Cybersecurity specialists at Check Point have uncovered an ongoing cyber espionage operation targeting several government bodies in Asia Pacific.
The Advanced Persistent Threat group known as Naikon used a new backdoor attack named Aria-body. This allowed hackers, who are believed to be based in China, to bypass security measures and gain remote access to a victims’ network.
The APT group targeted Southeast Asian government ministries in Indonesia, the Philippines, Vietnam and Thailand to spy on them, gain sensitive geo-political information and exploit diplomatic relations between departments.
The Manager of Threat Intelligence at Check Point, Lotem Finkelstein, said: “Naikon attempted to attack one of our customers by impersonating a foreign government.”
Check Point’s investigation of the cyber espionage operation began when they found a malicious email was sent from a government diplomat, thought to be from the Indonesian embassy in Canberra, to the government of Western Australia.
When this email was opened, the victim’s device downloads Aria-body from servers used by Naikon.
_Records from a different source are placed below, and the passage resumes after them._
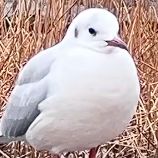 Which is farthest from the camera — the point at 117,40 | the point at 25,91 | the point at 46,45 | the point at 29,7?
the point at 29,7

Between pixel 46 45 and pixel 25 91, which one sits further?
pixel 46 45

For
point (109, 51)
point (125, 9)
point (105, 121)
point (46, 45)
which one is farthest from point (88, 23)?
Answer: point (125, 9)

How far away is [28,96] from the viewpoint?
3.95 ft

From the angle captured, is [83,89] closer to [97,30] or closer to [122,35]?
[97,30]

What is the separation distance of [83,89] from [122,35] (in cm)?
111

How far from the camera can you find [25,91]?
1.22m

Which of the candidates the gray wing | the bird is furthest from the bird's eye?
the gray wing

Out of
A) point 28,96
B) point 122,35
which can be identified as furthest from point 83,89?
point 122,35

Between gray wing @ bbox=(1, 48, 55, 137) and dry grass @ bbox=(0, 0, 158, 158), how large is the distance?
26.1 inches

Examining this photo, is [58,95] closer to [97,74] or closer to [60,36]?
[97,74]

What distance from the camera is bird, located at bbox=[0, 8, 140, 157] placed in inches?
42.6

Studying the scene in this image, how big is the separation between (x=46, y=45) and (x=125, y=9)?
0.34 m

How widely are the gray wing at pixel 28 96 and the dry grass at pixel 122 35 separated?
664mm

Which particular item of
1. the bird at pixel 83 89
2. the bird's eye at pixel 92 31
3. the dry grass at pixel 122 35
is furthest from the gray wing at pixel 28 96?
the dry grass at pixel 122 35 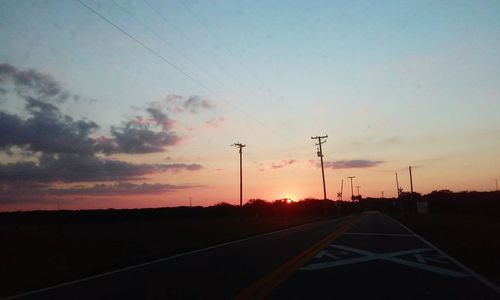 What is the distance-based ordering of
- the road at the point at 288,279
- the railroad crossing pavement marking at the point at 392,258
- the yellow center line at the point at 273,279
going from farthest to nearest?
the railroad crossing pavement marking at the point at 392,258 → the road at the point at 288,279 → the yellow center line at the point at 273,279

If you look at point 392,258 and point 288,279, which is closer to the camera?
point 288,279

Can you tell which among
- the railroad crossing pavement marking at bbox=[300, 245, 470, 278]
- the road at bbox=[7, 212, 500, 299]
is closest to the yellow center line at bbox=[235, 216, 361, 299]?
the road at bbox=[7, 212, 500, 299]

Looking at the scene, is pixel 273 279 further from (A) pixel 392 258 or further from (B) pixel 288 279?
(A) pixel 392 258

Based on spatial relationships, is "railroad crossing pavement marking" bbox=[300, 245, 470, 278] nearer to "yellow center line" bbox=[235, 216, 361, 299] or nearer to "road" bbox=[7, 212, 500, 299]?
"road" bbox=[7, 212, 500, 299]

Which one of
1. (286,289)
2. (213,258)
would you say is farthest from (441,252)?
(286,289)

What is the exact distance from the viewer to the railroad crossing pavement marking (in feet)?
44.9

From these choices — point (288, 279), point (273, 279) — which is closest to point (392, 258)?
point (288, 279)

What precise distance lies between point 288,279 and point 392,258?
5747 mm

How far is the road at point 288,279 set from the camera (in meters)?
9.82

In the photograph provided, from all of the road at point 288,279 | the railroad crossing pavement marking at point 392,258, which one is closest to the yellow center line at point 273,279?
the road at point 288,279

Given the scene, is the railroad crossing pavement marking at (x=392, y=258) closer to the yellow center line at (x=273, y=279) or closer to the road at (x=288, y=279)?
the road at (x=288, y=279)

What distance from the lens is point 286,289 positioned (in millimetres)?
10203

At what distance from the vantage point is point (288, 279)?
37.7 feet

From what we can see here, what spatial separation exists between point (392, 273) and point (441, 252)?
6560 millimetres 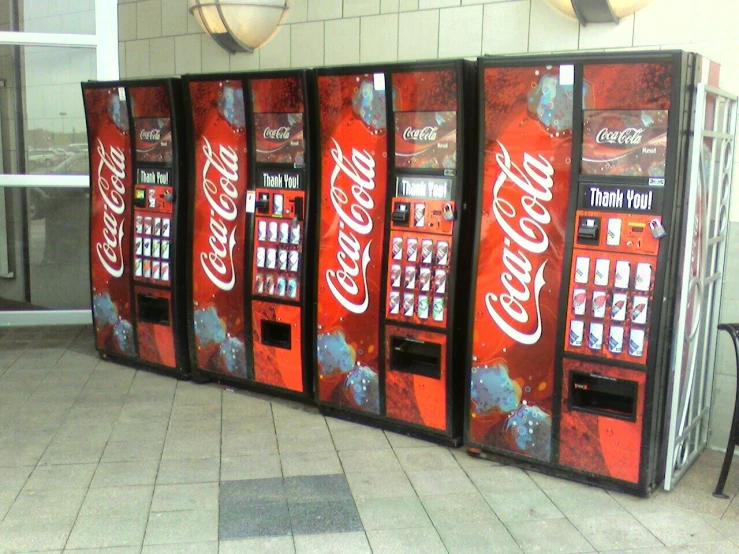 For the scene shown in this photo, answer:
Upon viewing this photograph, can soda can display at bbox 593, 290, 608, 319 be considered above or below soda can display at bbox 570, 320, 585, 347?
above

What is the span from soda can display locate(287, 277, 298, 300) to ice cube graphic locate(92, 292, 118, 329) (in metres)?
1.74

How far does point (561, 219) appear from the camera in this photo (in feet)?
13.1

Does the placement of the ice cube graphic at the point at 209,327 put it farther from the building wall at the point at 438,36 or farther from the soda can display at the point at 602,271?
the soda can display at the point at 602,271

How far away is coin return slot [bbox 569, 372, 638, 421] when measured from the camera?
12.9 feet

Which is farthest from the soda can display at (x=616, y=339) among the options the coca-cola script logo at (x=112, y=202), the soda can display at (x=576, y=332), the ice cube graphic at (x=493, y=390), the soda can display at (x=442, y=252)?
the coca-cola script logo at (x=112, y=202)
Naikon was able to evade detection by impersonating government officials in emails using victims’ servers as command and control centers to launch new attacks. Researchers found one server belonged to the Philippines’ Department of Science and Technology.
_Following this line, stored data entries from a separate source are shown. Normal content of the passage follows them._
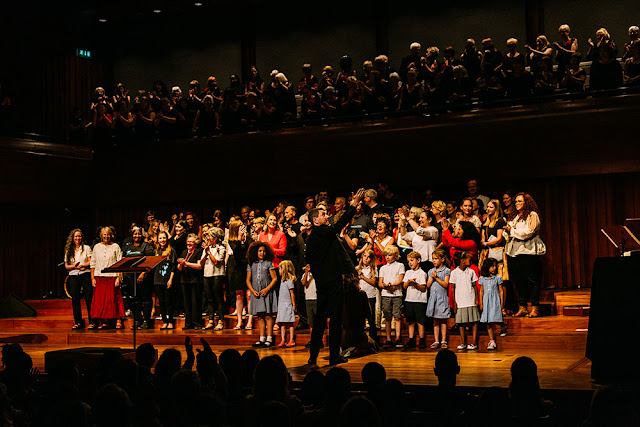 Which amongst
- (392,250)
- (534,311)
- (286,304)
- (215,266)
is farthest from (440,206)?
(215,266)

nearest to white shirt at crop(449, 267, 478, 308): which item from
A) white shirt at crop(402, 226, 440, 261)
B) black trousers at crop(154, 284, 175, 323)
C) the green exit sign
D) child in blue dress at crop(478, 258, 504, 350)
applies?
child in blue dress at crop(478, 258, 504, 350)

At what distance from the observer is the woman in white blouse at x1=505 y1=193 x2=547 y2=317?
9836mm

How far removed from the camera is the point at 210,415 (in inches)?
136

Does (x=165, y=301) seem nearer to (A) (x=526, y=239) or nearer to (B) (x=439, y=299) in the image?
(B) (x=439, y=299)

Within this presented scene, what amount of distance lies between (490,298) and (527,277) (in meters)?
1.14

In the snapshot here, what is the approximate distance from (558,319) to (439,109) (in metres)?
4.64

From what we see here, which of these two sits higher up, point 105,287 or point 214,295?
point 105,287

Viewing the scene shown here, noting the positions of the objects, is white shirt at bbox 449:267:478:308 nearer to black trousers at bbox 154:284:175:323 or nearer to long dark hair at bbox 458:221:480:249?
long dark hair at bbox 458:221:480:249

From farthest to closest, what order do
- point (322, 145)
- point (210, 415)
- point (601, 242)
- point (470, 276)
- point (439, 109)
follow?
point (322, 145) → point (439, 109) → point (601, 242) → point (470, 276) → point (210, 415)

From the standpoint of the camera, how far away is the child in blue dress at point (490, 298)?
8898mm

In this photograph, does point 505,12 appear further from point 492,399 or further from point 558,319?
point 492,399

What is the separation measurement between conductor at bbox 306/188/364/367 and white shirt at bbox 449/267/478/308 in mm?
1715

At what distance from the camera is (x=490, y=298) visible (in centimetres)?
896

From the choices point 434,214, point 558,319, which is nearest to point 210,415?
point 558,319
Naikon was thought to have gone silent since ThreatConnect and Defense Group exposed them in 2015, until Check Point discovered they have been active for the past five years and even accelerated their activities this year.
In the past, Naikon was known as one of the most active APTs in Asia, attacking attacking civil and military organisations around the South China Sea.
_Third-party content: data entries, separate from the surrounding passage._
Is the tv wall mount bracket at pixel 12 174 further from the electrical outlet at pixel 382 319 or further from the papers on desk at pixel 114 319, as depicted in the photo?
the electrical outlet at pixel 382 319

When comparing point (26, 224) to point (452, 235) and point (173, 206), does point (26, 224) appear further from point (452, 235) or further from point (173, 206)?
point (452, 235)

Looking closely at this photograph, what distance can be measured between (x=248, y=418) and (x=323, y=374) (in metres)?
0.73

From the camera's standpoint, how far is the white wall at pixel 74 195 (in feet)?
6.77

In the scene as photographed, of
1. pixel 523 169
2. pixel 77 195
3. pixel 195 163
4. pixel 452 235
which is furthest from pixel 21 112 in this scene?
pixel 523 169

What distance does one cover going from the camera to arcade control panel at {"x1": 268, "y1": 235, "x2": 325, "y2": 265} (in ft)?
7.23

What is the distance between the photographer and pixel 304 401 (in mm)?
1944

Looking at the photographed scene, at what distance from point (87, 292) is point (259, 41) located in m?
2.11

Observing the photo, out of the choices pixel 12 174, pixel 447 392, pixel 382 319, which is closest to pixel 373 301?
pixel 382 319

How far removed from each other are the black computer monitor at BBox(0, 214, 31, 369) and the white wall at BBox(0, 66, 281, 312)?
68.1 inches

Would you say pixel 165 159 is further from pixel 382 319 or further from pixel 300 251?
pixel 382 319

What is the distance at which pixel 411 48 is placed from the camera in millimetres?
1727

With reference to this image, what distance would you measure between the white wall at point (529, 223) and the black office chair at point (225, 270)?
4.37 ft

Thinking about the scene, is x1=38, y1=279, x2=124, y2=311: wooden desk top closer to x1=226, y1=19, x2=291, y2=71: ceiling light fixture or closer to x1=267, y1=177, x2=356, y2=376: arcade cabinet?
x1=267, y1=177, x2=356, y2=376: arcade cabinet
Mr Finkelstein said: “We’ve published this research as a warning and resource for any government entity to better spot Naikon’s or other hacker group’s activities.”
This warning is particularly pertinent for governments to heed. Thailand recently approved funding for a Government Data Center and Cloud service, which must have strong cybersecurity protocols to avoid vulnerabilities that could be exploited by hackers.
To remain secure, government’s should advise staff to check emails carefully, manage user privileges, monitor and analyse logs, and make sure you’re only downloading files from trusted sites.